Artificial Intelligence and Web Design


Hello, World. I am your web designer…

Recently, I read an article about using artificial intelligence (AI) for the instructional design of courses. Initially, that frightened me. First of all, it might mean less work for instructional designers – which I have both been and run a department working with them. Second, it’s hard for me to imagine AI making decisions on pedagogy better than a designer and faculty member.

Of course, using AI for that kind of design is probably limited (at least at first) to automating some tasks like uploading documents and updating calendars rather than creating lessons. Then again, I know that AI is being used to write articles for online and print publications, so who knows where this might go in the future.

I just read another piece asking “Is Artificial Intelligence the Next Stepping Stone for Web Designers?” and, of course, my concerns are the same – lost jobs and bad design.

Certainly, we are already using AI in websites, particularly in e-commerce applications. But using AI to actually design a website is very different.

Some companies have started to use AI for web design. A user answers some questions to start a design: pick an industry or category (portfolio, restaurant, etc.), enter a business name, add a subtitle/slogan/brand, upload a logo, enter an address, hours of operation, and so on. The AI may offer you a choice of templates and then in a few clicks, the basics of the site are created.

This is an extension of the shift 20 years to template-driven web design. Now, it is based on machine learning techniques with human intervention at the initial stage by providing their desired information and probably again after the site is created to fine-tune.

I do a lot of designs in Squarespace and they are clearly using AI and machine learning to get you started. Do you still need human intervention? Absolutely. Does the human need to be a “designer”?  Clearly, the goal is to allow anyone to do a good job of creating a website without a designer.

In my own work, I still find many people need someone with experience and training to create the site, but they can oftentimes maintain it on their own if the updates are simple. I have also had clients who with just a few clicks have completely wrecked their websites. And there is no Cntrl-Z or Undo button to put it back together again.

AI will change – dare I say revolutionize – many industries and design is certainly on the list.

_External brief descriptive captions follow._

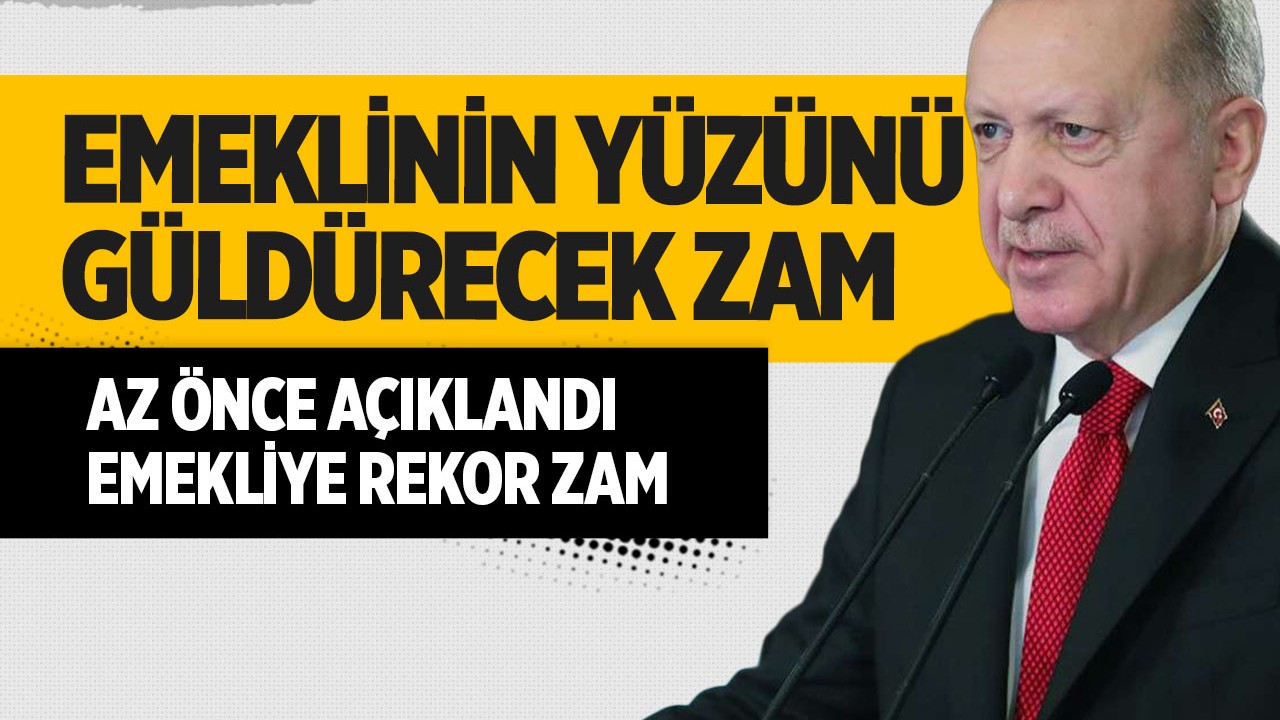 Erdoğan Emeklinin Yüzünü Güldürecek Tarihi Az Önce Açıkladı! Emekliye Rekor Zam! Emekli maaşlarına seyyanen zam müjdesi Erdoğan Eylül'de açıklayacak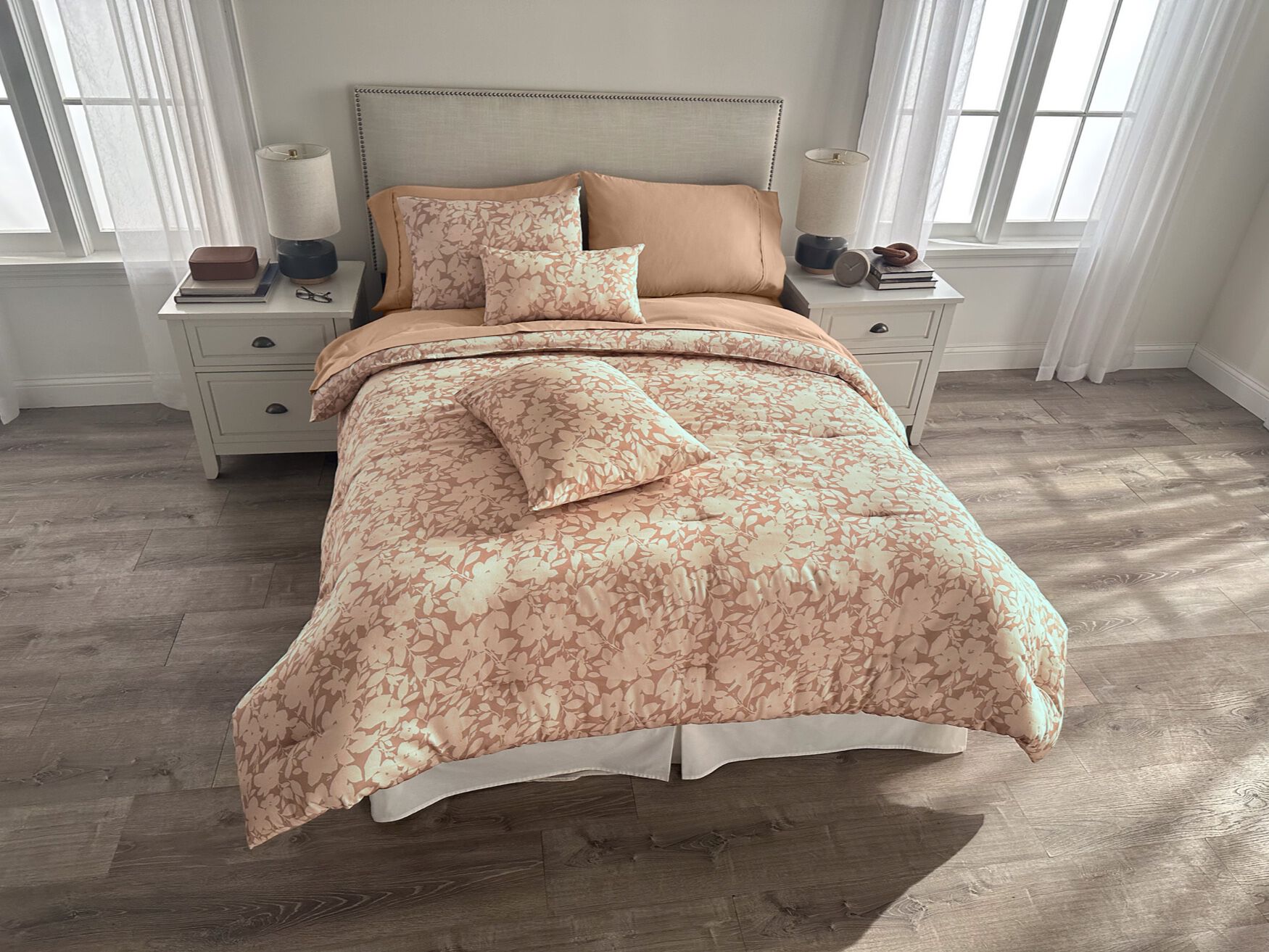 Floral 4-Pc. Comforter Set, , alternate image number 3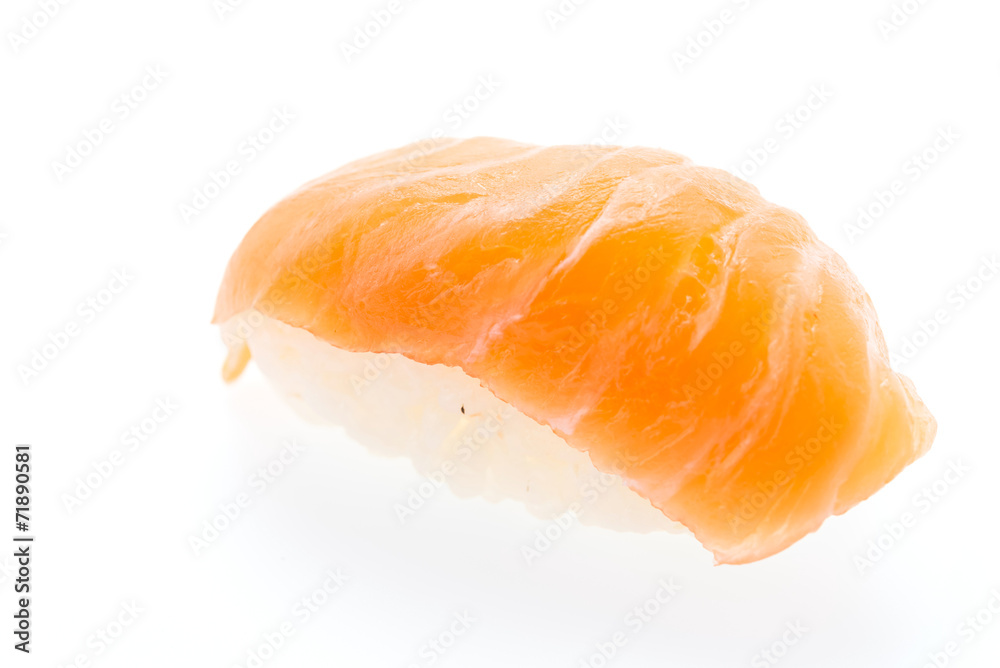 Salmon sushi isolated on white Salmon sushi isolated on white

When AI can make the process more efficient, I am all for it, but I stu=ill like the human factor in any design project.

Can We Measure Social Media Sentiment?


Social media sentiment is the perceived positive or negative mood being portrayed in a social media post or engagement.

If you could track sentiment accurately, it would help you understand the person’s feelings behind the post. As a marketer, this would be very useful, but would also be useful for individuals.

Certainly, there is sentiment behind every post. But can it be measured with any certainty?

There are scholarly articles about social media sentiment and a good number of companies that are working on trying to measure sentiment, which you might also see described as sentiment analysis or opinion mining. By any name, this is the analysis of the feelings (i.e. attitudes, emotions and opinions) behind the words.

Most of the tools use natural language processing. Natural language processing (NLP) is a field of computer science, artificial intelligence, and computational linguistics concerned with the interactions between computers and human (natural) languages.  It allows you to talk to your phone or some device in your home or car. These devices can understand your words (usually), but can they read your emotions? When you ask for directions are you angry, tired, frustrated or in a wonderful mood?  When someone responds to an offer posted in social media by a company by saying “This is crazy!” is that a good kind of crazy or an insanity crazy?

In social media, this is analysis that goes beyond Likes, Shares or Comments. Did people respond to the original post in a positive, negative, sarcastic, humorous or biased way? A human reader may be able to discern that, but can a tool do the same thing for hundreds, thousands or millions of posts?

The  complexity of emotional responses makes this analysis difficult. You have heard a lot lately about sites like Twitter and Facebook being told that they need to better monitor hate speech in their networks. How do you do that? Rely on users to report it? Have other humans monitor it? That won’t work when every second, on average, around 6,000 tweets are tweeted on Twitter, which corresponds to over 350,000 tweets per minute or 500 million tweets per day.

You need technology, but technology is famously not very good at reading human emotions.

There are some simple tools that some of you might already use for analysis.  Hootsuite Insights and Facebook Insights and SocialMention are some of the easy and more common free(mium) tools for analysis, but they are lacking in the analysis of sentiment. Many businesses and individuals use Google Alerts as a simple way to monitor their name, brand, and to track “content marketing” with the result being emailed as they occur, daily or weekly.

We are still a good ways off from a time when some combination of NLP and AI can read the sentiments of social media posts accurately, but the desire and need for it only grows more critical as networks grow.